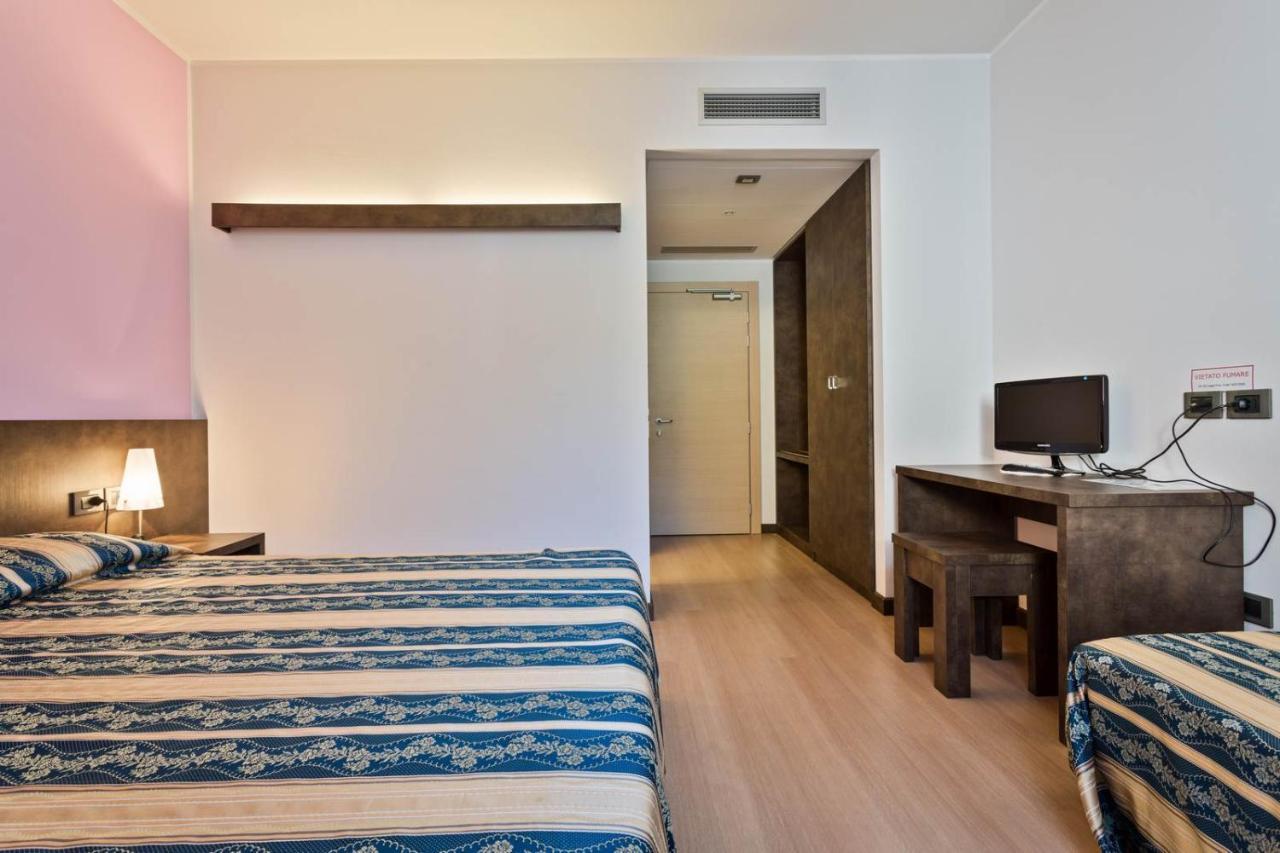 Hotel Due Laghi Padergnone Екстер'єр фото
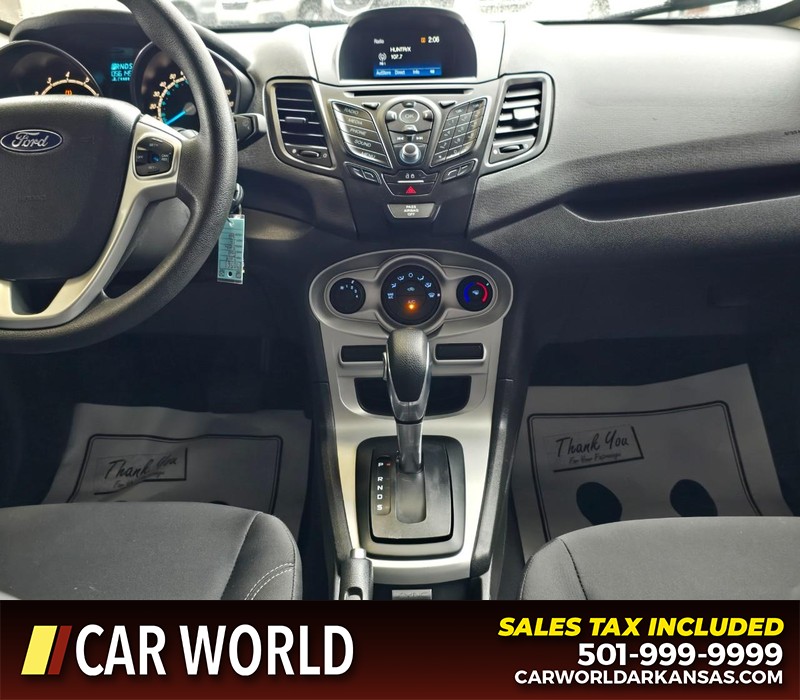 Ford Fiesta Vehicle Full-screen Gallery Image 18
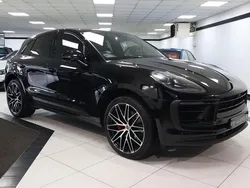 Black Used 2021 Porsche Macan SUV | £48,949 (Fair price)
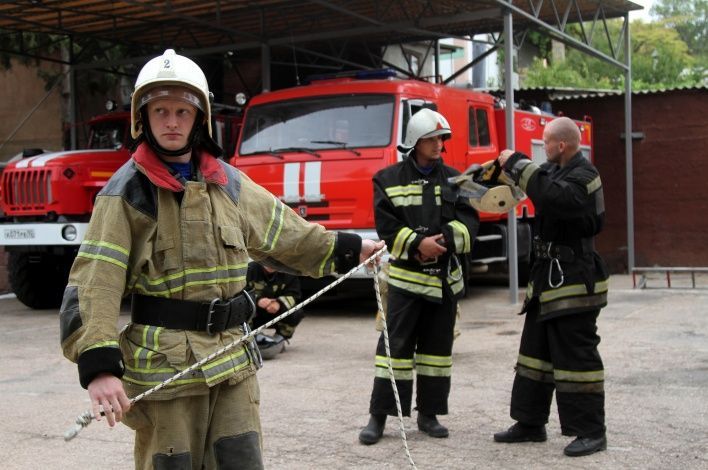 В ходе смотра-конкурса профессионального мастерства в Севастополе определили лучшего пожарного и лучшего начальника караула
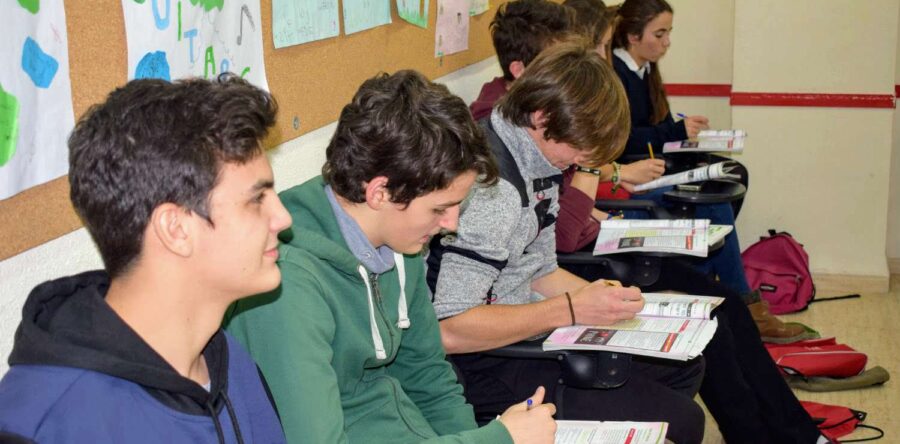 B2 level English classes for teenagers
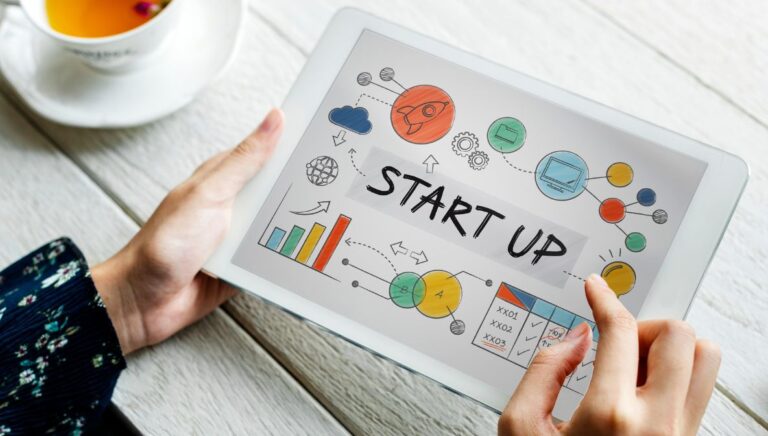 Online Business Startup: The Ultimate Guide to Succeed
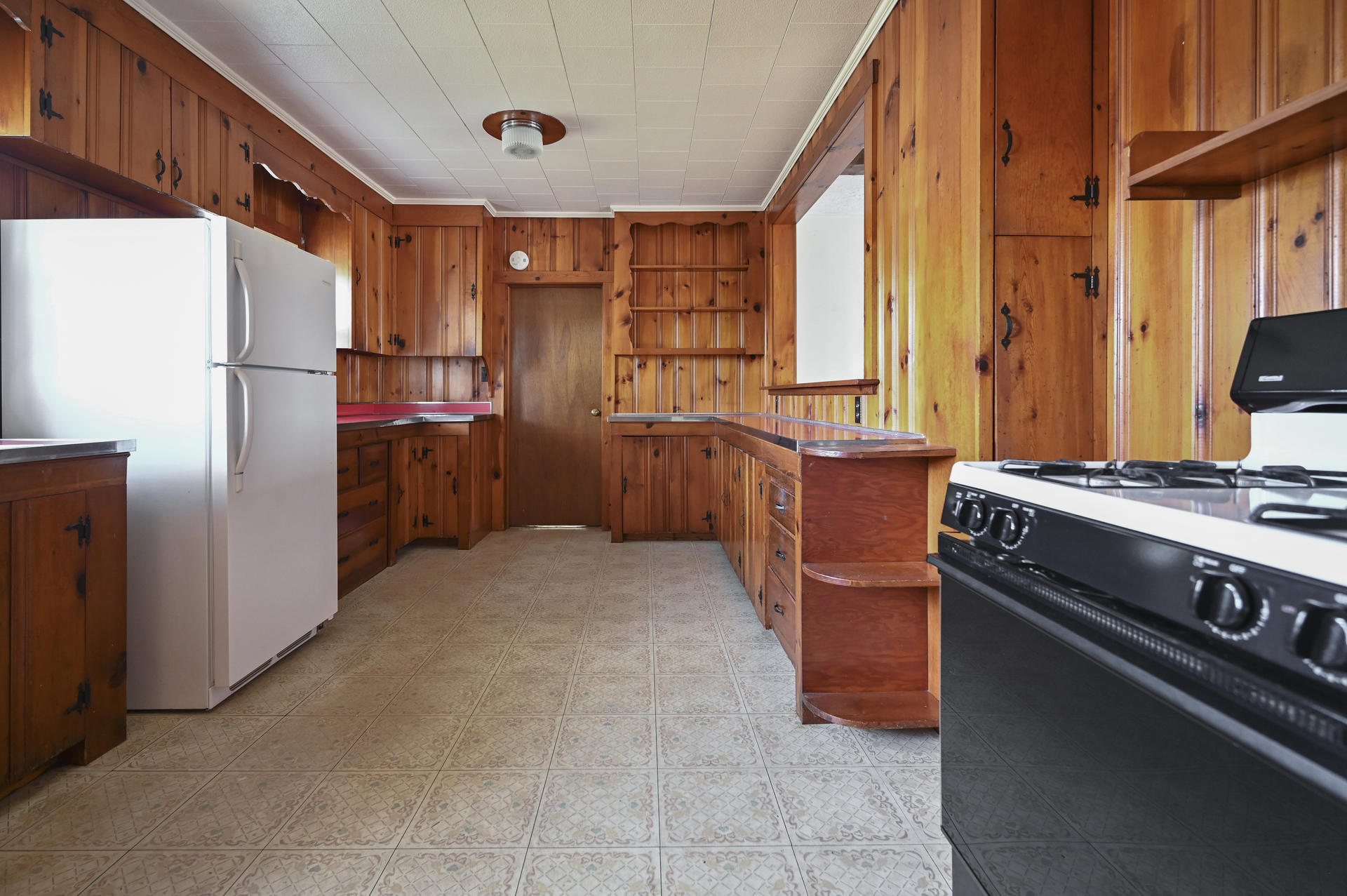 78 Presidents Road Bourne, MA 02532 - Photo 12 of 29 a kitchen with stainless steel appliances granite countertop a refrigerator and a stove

(Problem statement): From the line containing "B2 level English classes for teenagers" to the last line of the records above, return each line exactly, both ends included, and nothing more. Leave out the pictures.

(Result of this exercise):
 B2 level English classes for teenagers
 Online Business Startup: The Ultimate Guide to Succeed
 78 Presidents Road Bourne, MA 02532 - Photo 12 of 29 a kitchen with stainless steel appliances granite countertop a refrigerator and a stove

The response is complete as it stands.